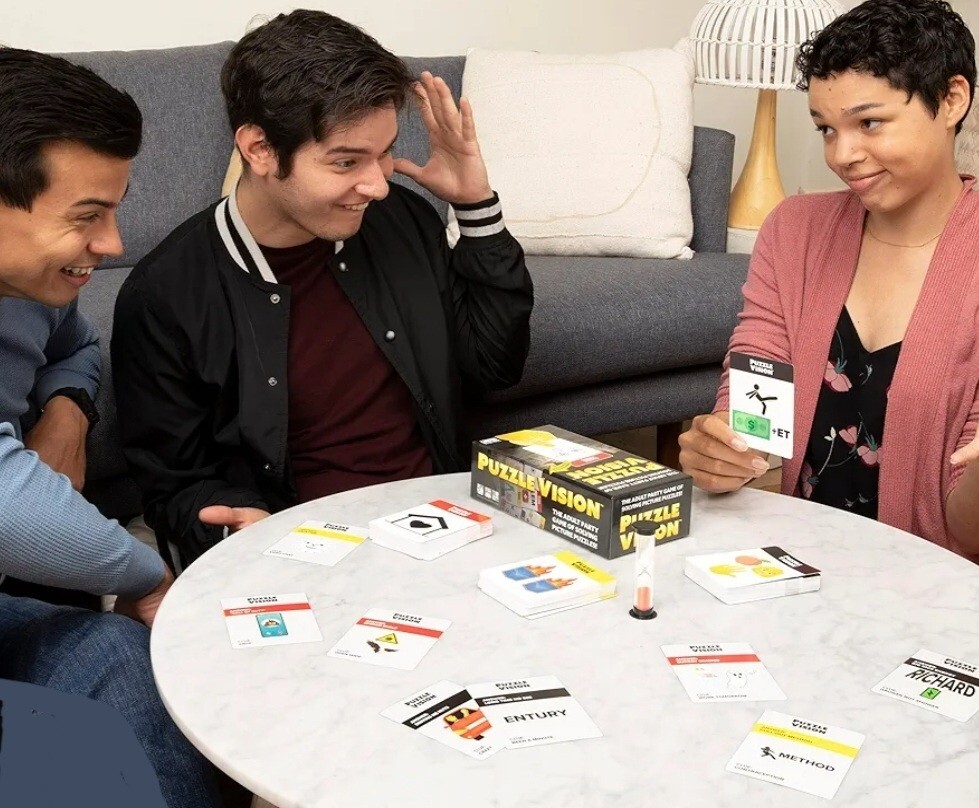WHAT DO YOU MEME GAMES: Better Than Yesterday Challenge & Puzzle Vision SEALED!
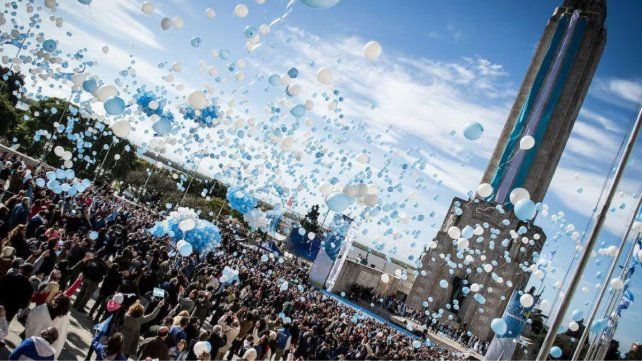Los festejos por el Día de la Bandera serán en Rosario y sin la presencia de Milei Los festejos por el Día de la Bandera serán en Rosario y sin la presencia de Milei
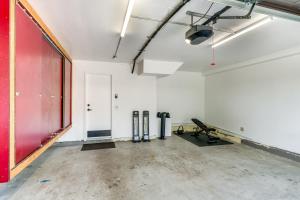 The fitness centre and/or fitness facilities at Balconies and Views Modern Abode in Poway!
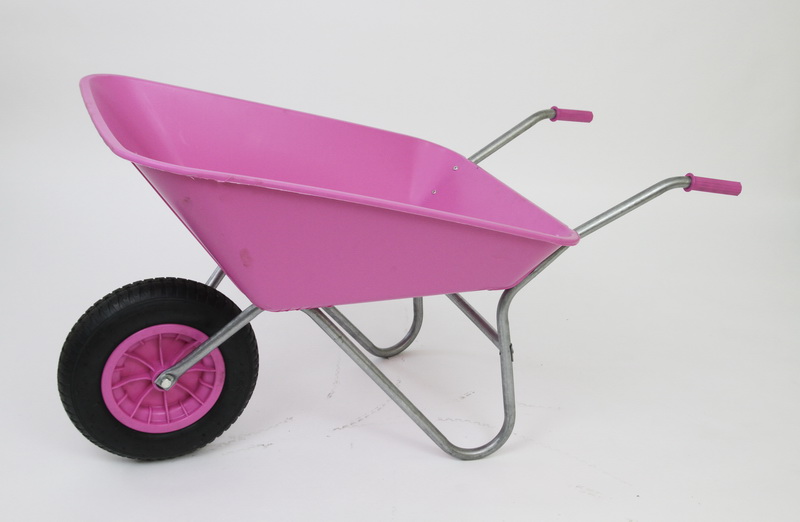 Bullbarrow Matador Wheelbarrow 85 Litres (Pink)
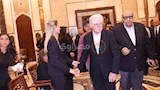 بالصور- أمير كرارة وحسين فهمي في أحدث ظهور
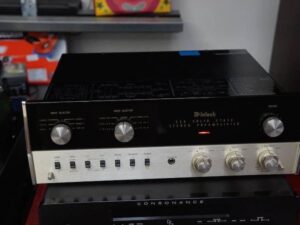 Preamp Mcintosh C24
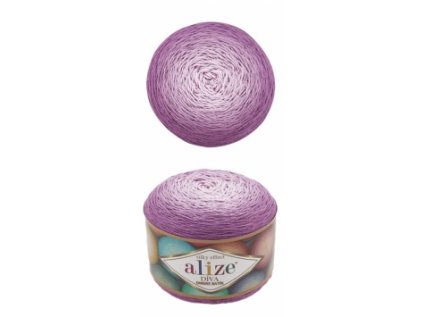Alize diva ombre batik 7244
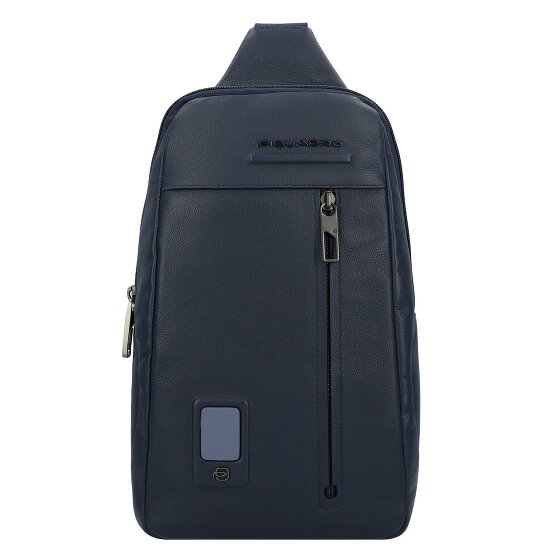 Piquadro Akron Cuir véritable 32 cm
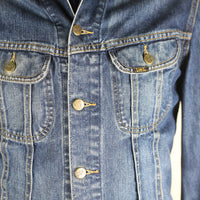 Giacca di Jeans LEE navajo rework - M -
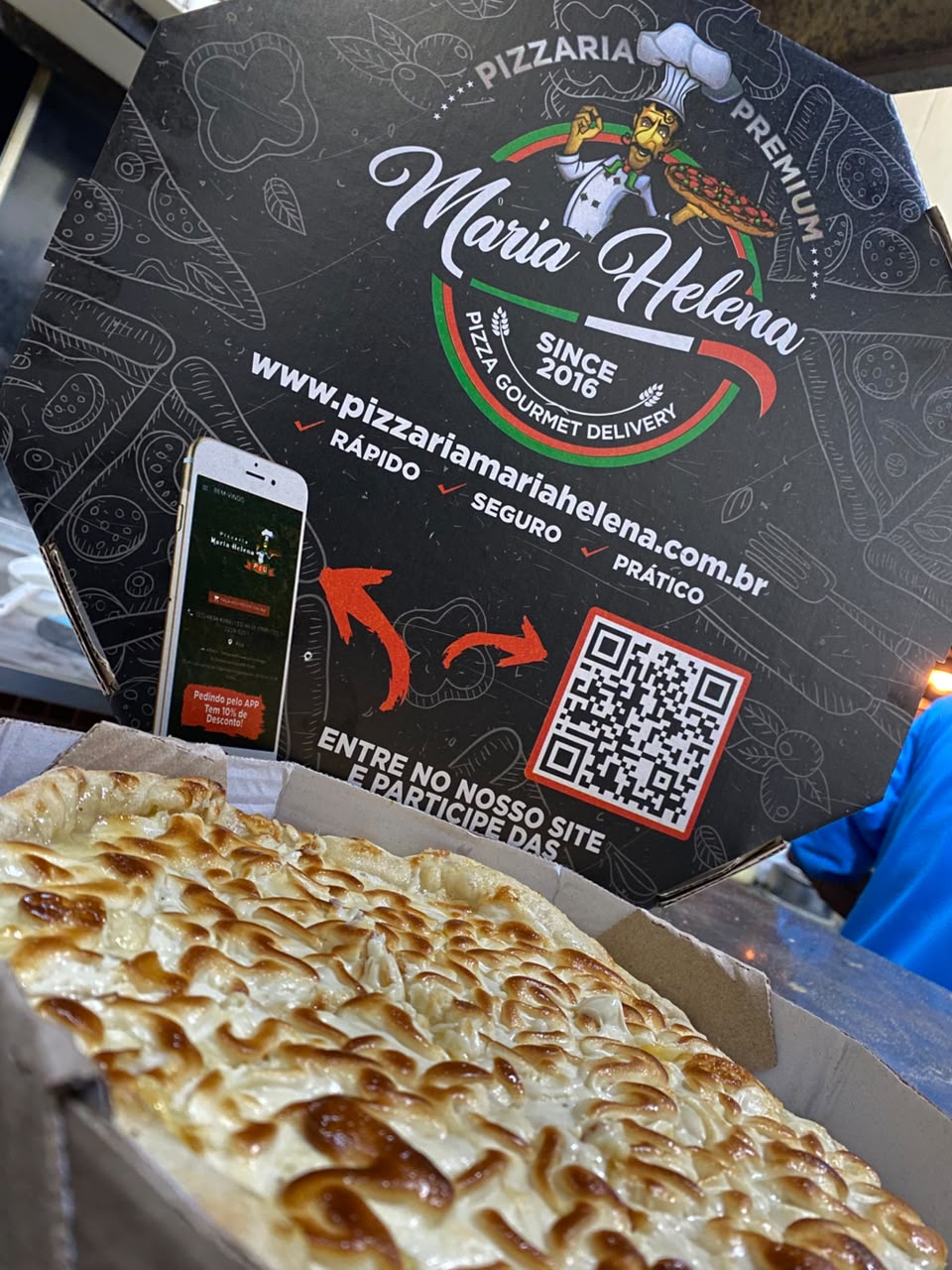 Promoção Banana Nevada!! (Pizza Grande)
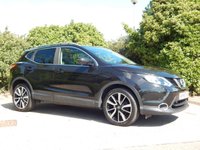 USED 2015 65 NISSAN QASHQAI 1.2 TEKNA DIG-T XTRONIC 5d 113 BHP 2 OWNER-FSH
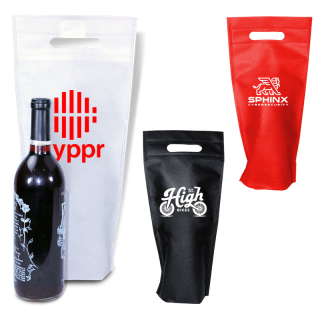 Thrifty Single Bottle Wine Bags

□ □ □ □

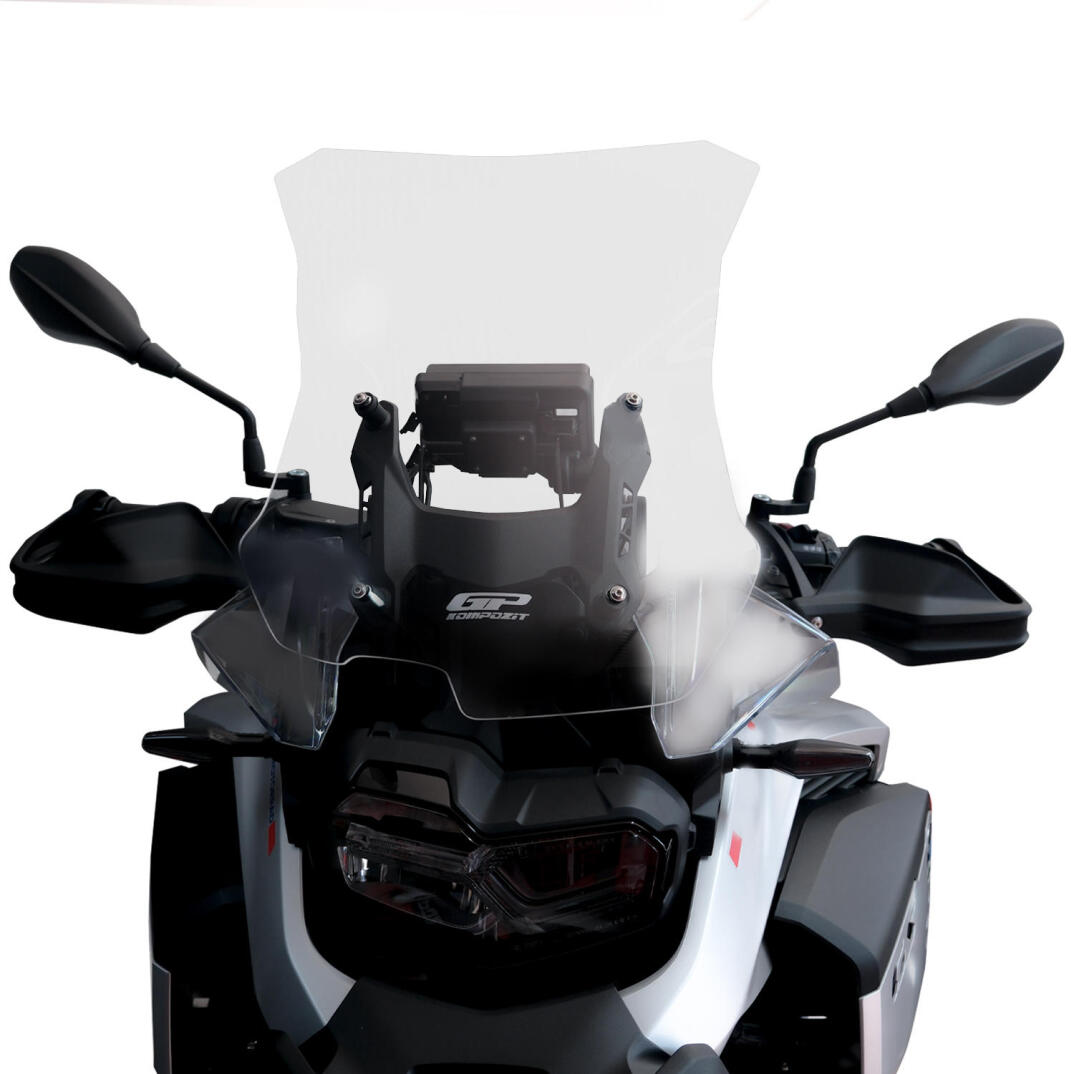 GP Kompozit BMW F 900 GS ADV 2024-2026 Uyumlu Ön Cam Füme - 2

□ □ □ □

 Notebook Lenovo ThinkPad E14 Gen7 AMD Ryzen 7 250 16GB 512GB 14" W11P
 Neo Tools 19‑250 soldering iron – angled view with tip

□ □ □ □

#### [To do]
Find the line with "WHAT DO YOU" in the data above, and from there retype each line exactly through the line with "Thrifty Single Bottle Wine Bags", skipping the pictures along the way.

#### [Solution]
WHAT DO YOU MEME GAMES: Better Than Yesterday Challenge & Puzzle Vision SEALED!
Los festejos por el Día de la Bandera serán en Rosario y sin la presencia de Milei Los festejos por el Día de la Bandera serán en Rosario y sin la presencia de Milei
 The fitness centre and/or fitness facilities at Balconies and Views Modern Abode in Poway!
 Bullbarrow Matador Wheelbarrow 85 Litres (Pink)
 بالصور- أمير كرارة وحسين فهمي في أحدث ظهور
 Preamp Mcintosh C24
Alize diva ombre batik 7244
 Piquadro Akron Cuir véritable 32 cm
 Giacca di Jeans LEE navajo rework - M -
 Promoção Banana Nevada!! (Pizza Grande)
 USED 2015 65 NISSAN QASHQAI 1.2 TEKNA DIG-T XTRONIC 5d 113 BHP 2 OWNER-FSH
 Thrifty Single Bottle Wine Bags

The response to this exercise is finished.